## [Information provided]
□ □ □ □ □ □ □

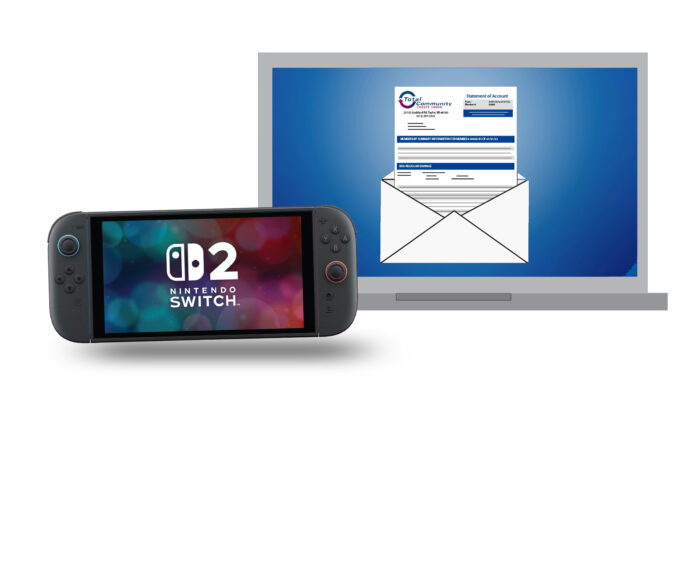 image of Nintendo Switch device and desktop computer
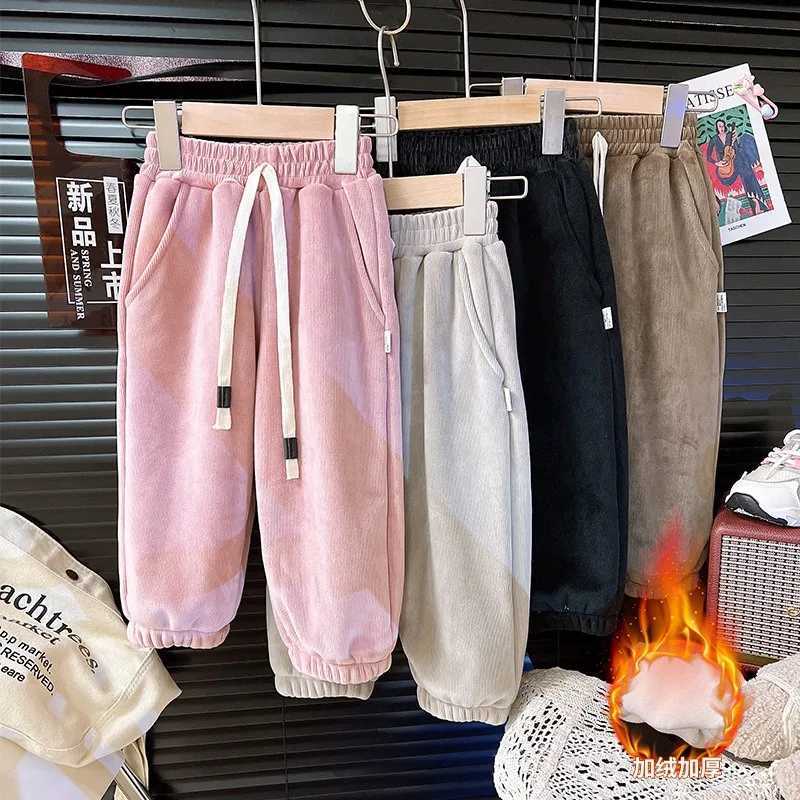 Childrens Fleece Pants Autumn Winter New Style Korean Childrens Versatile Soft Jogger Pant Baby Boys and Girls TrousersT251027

□ □ □ □ □ □ □

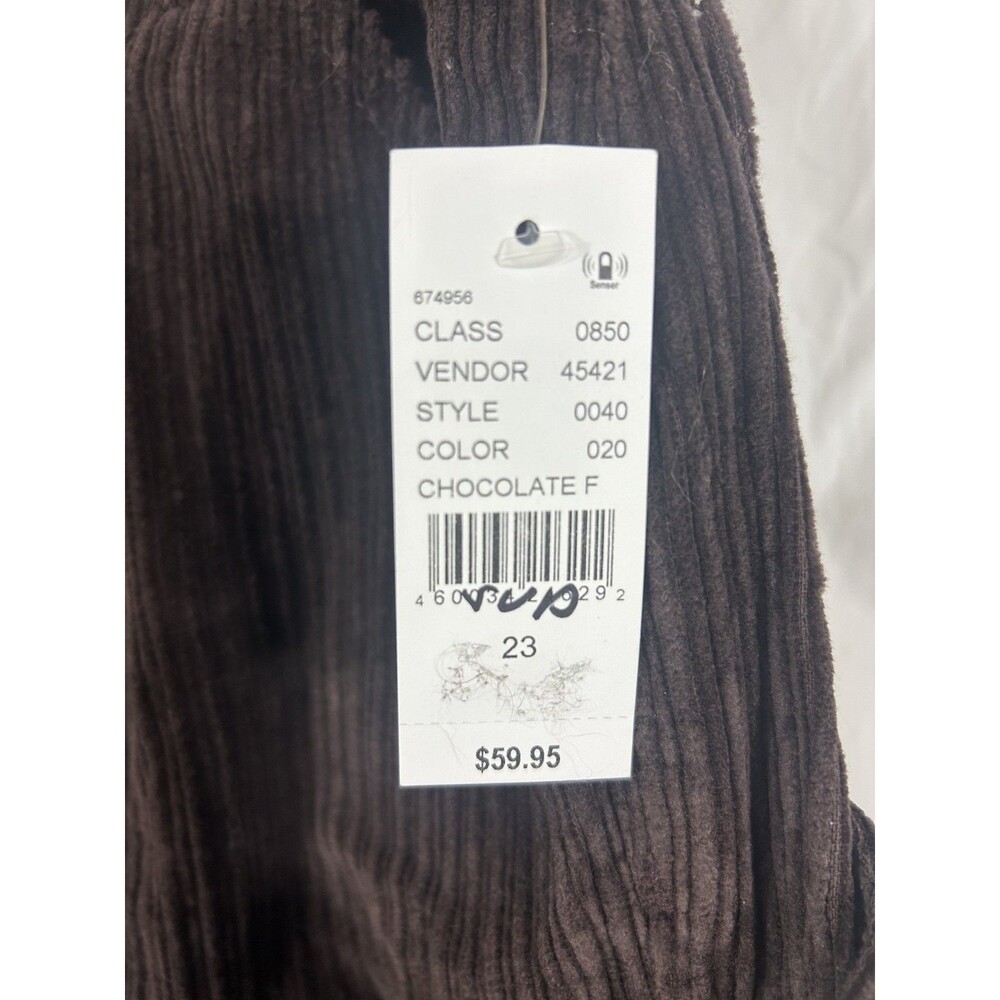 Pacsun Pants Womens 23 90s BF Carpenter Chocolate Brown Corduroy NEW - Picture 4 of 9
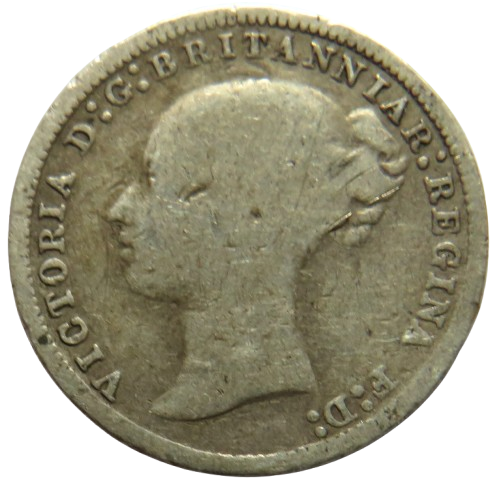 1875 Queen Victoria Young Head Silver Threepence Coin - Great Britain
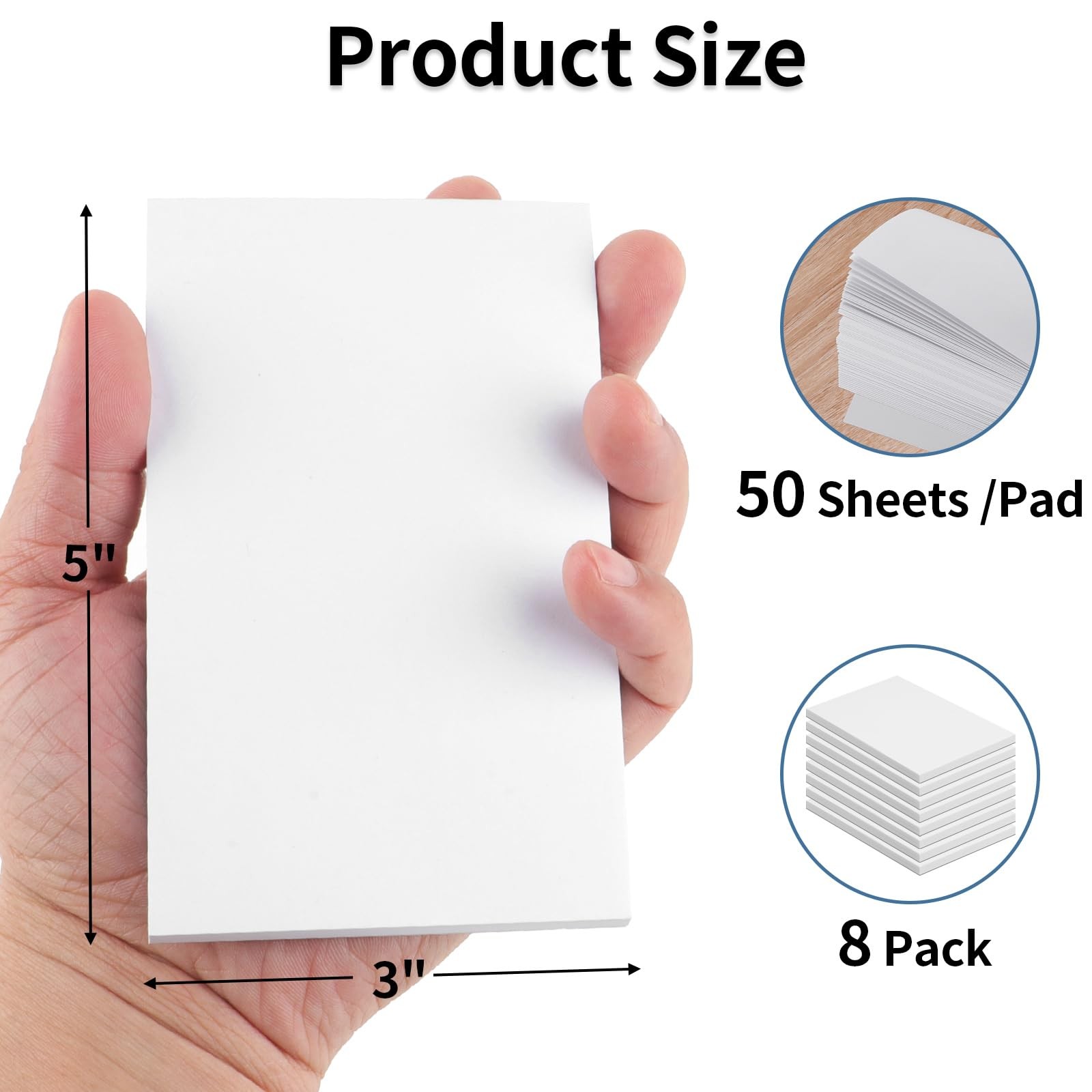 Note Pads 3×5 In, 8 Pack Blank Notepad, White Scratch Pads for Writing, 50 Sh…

□ □ □ □ □ □ □

Using the data above, retype exactly the lines from the line with "1875 Queen Victoria" to the line with "Note Pads 3×5", inclusive. No pictures and nothing else.

 1875 Queen Victoria Young Head Silver Threepence Coin - Great Britain
 Note Pads 3×5 In, 8 Pack Blank Notepad, White Scratch Pads for Writing, 50 Sh…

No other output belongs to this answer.